**What is expected**
Pictures do not belong in the copy; transcribe everything else in the records exactly.

**Recorded data**
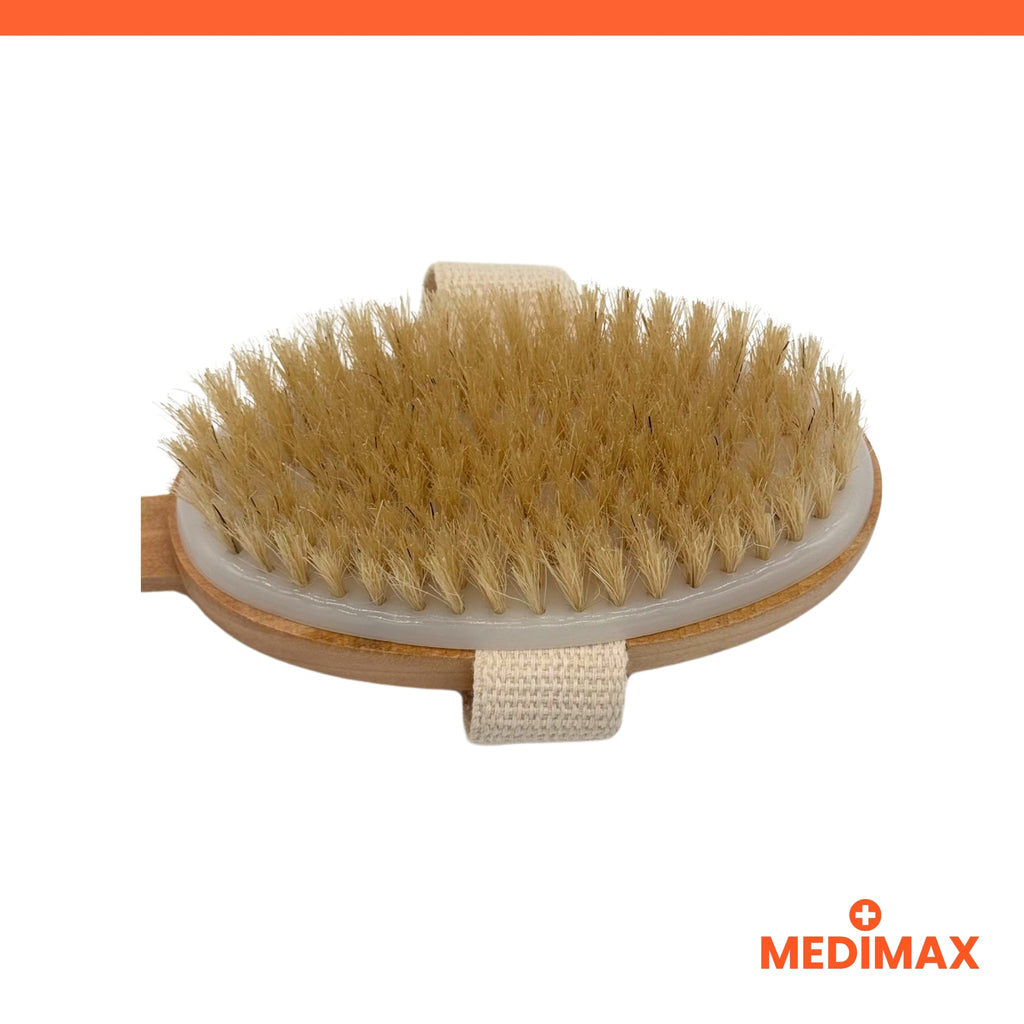 Brosse Long Manche Bois Premium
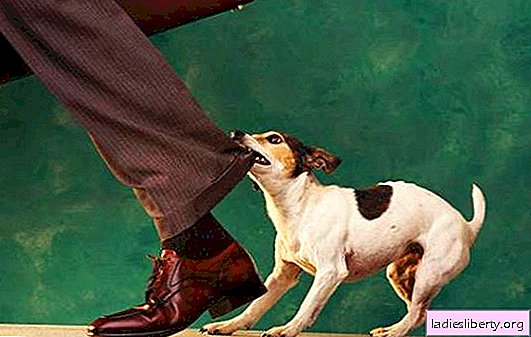 Ce se întâmplă dacă câinele mușcă? Cum să se înțepe un cățeluș care să-și muște picioarele și brațele: metode de antrenament și măsuri preventive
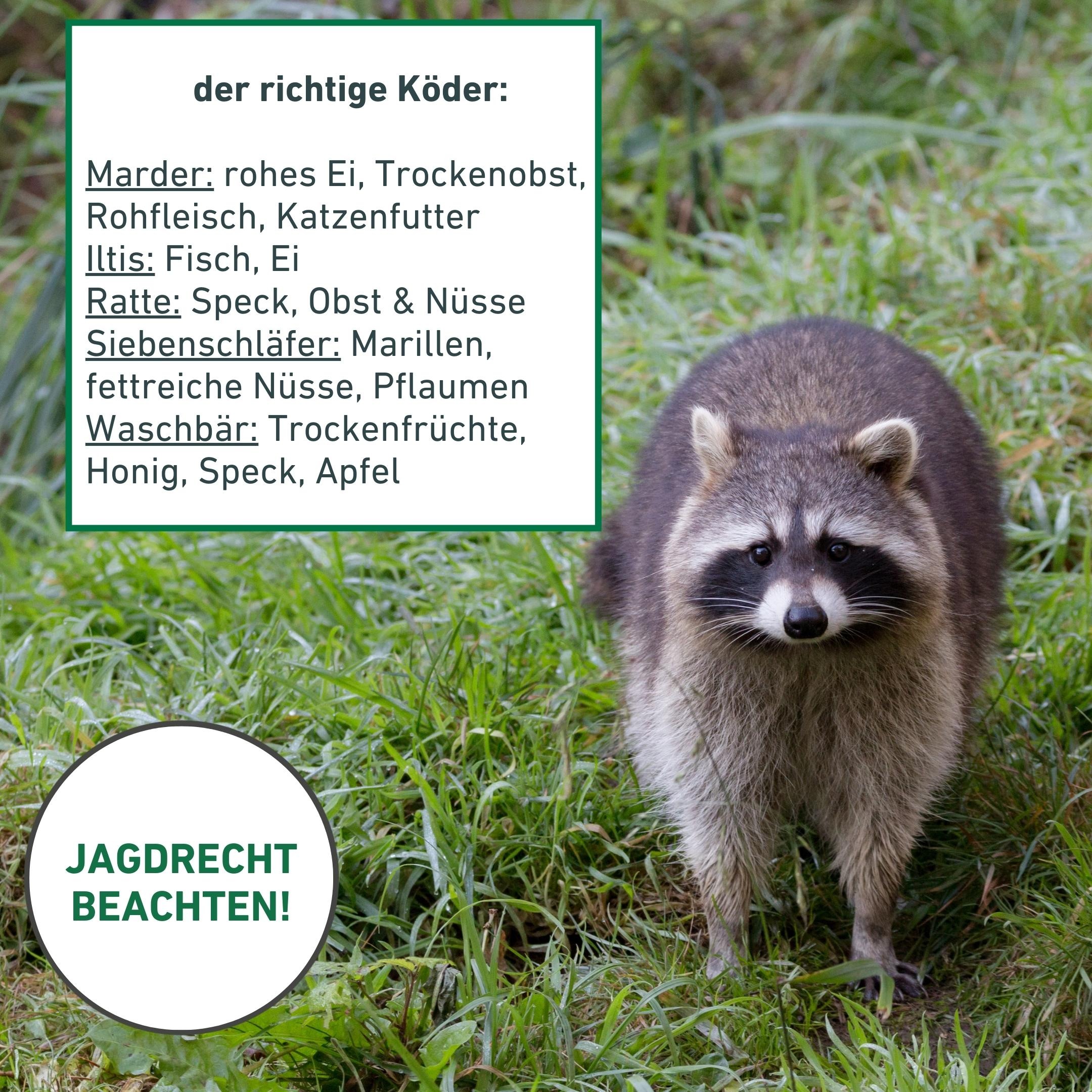 Windhager Schlagfalle »Drahtkasten Marderfalle 60 x 18 x 20 cm« wetterfeste und robuste Lebendfalle für Marder, verzinkt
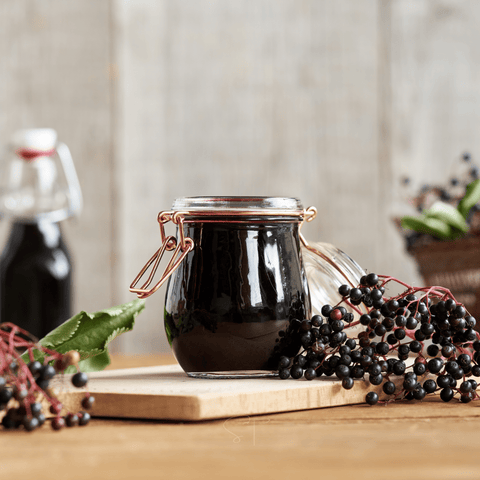 American Black Elderberry – 50 Seeds, additional product view 2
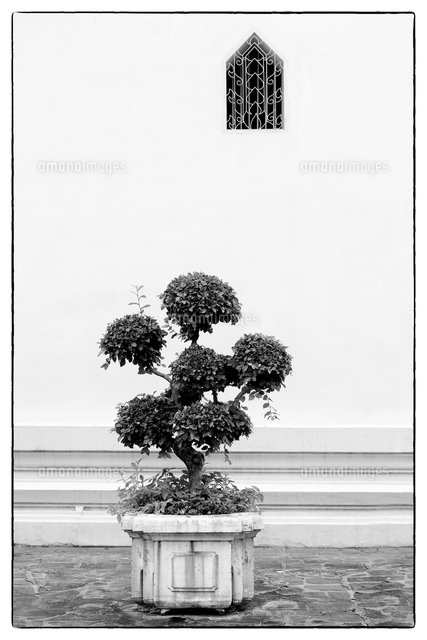 Topiary And White Wall の写真素材 イラスト素材 アマナイメージズ
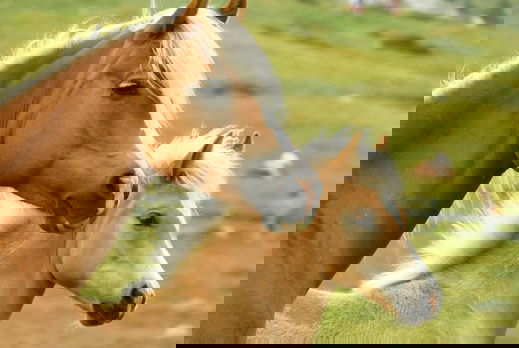 Horse Breed: Haflinger - photo by by Bärbel Bauer on Pixabay - Globetrotting horse riding holidays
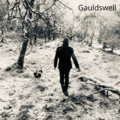 Gauldswell image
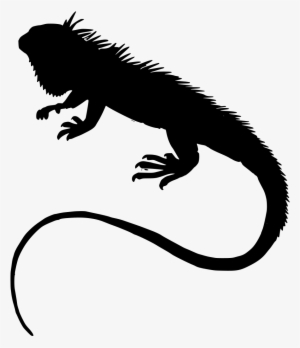 Download Png - Iguana Silhouette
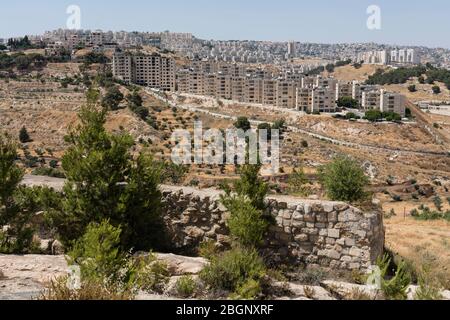 Palästina, Bethlehem, Felder in den Hügeln um das moderne Bethlehem, wo alte Schäfe ihre Herden weideten. Besetzte Gebiete des Westjordanlandes. Der israelische Grenzzaun ist auf dem Bild vor dem Wohnkomplex zu sehen. Stockfoto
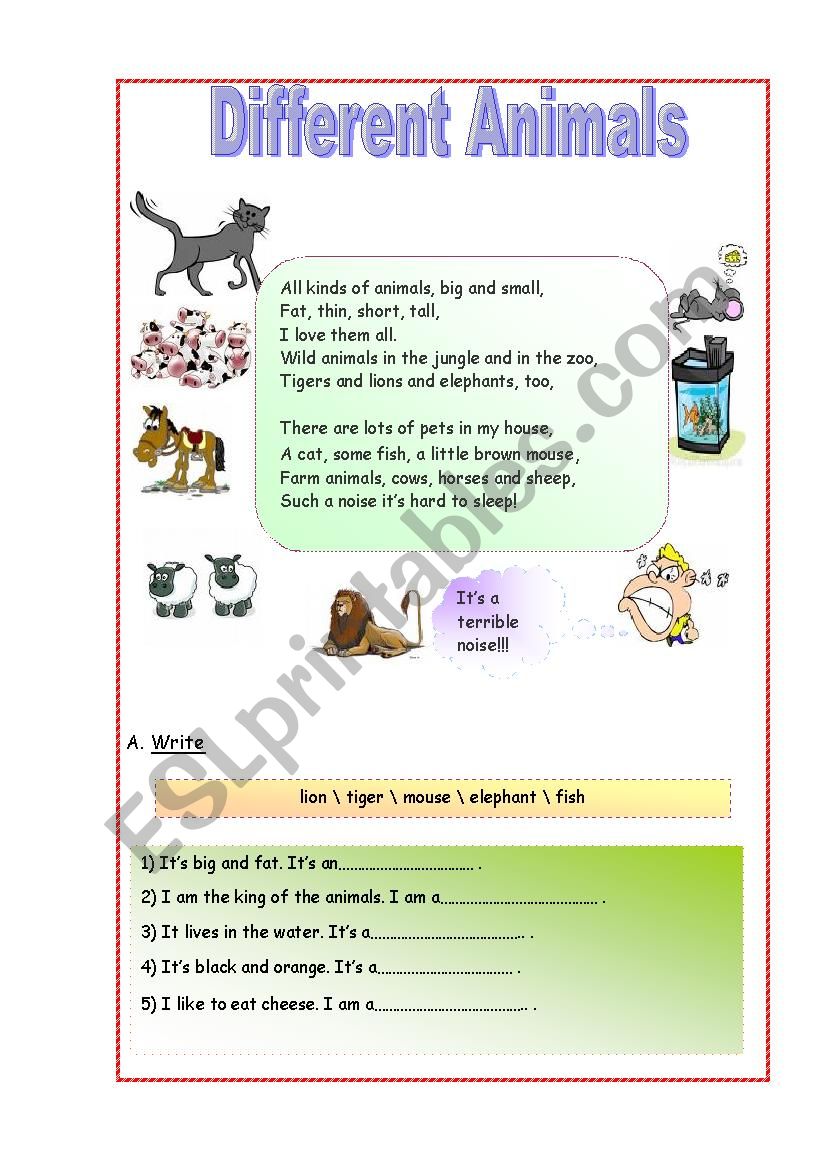Different Animals worksheet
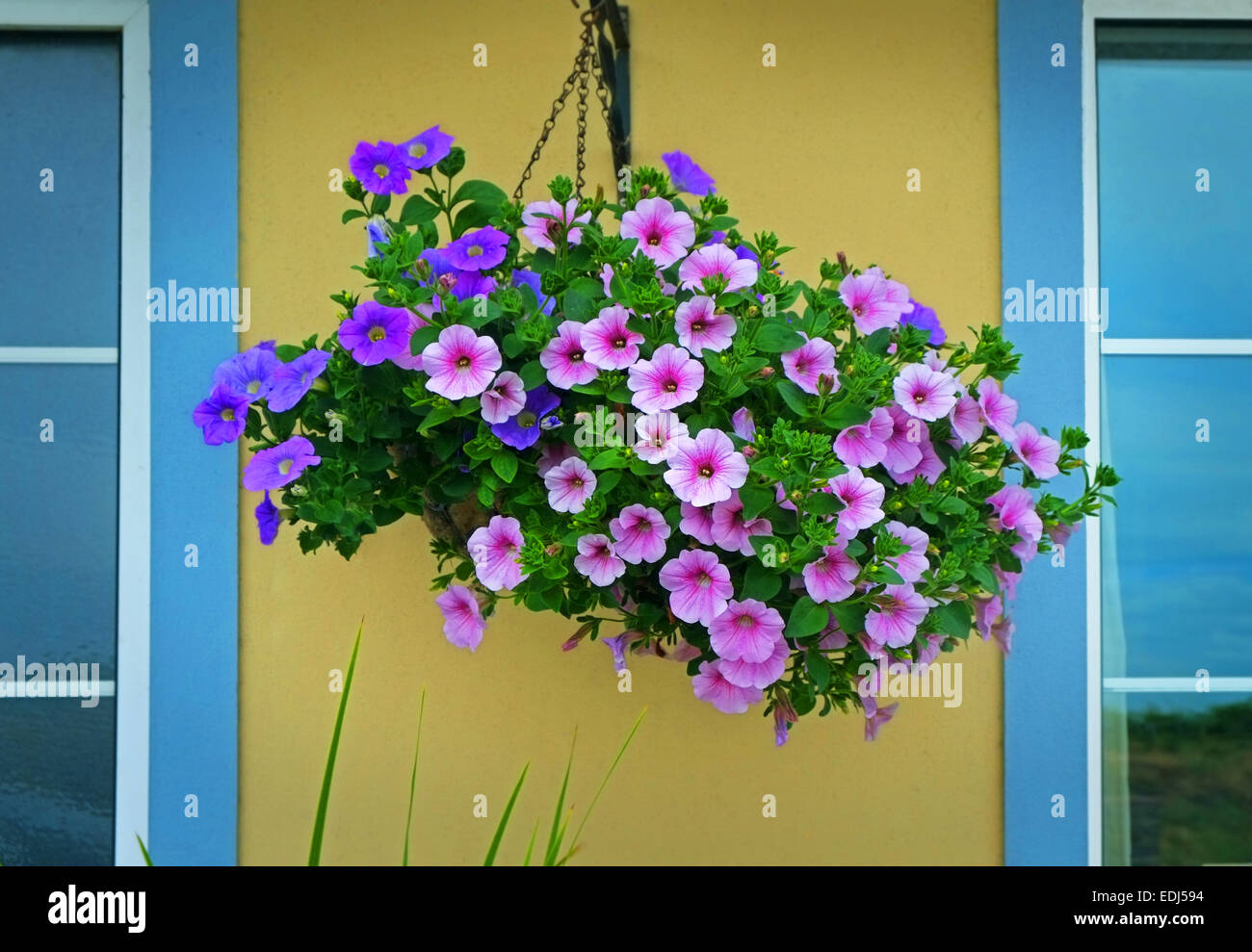 A beautiful display of flowers in a hanging basket outside a rural house in West cork Ireland. Stock Photo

**Response to the exercise**
 Brosse Long Manche Bois Premium
 Ce se întâmplă dacă câinele mușcă? Cum să se înțepe un cățeluș care să-și muște picioarele și brațele: metode de antrenament și măsuri preventive
 Windhager Schlagfalle »Drahtkasten Marderfalle 60 x 18 x 20 cm« wetterfeste und robuste Lebendfalle für Marder, verzinkt
 American Black Elderberry – 50 Seeds, additional product view 2
 Topiary And White Wall の写真素材 イラスト素材 アマナイメージズ
 Horse Breed: Haflinger - photo by by Bärbel Bauer on Pixabay - Globetrotting horse riding holidays
 Gauldswell image
 Download Png - Iguana Silhouette
 Palästina, Bethlehem, Felder in den Hügeln um das moderne Bethlehem, wo alte Schäfe ihre Herden weideten. Besetzte Gebiete des Westjordanlandes. Der israelische Grenzzaun ist auf dem Bild vor dem Wohnkomplex zu sehen. Stockfoto
Different Animals worksheet
 A beautiful display of flowers in a hanging basket outside a rural house in West cork Ireland. Stock Photo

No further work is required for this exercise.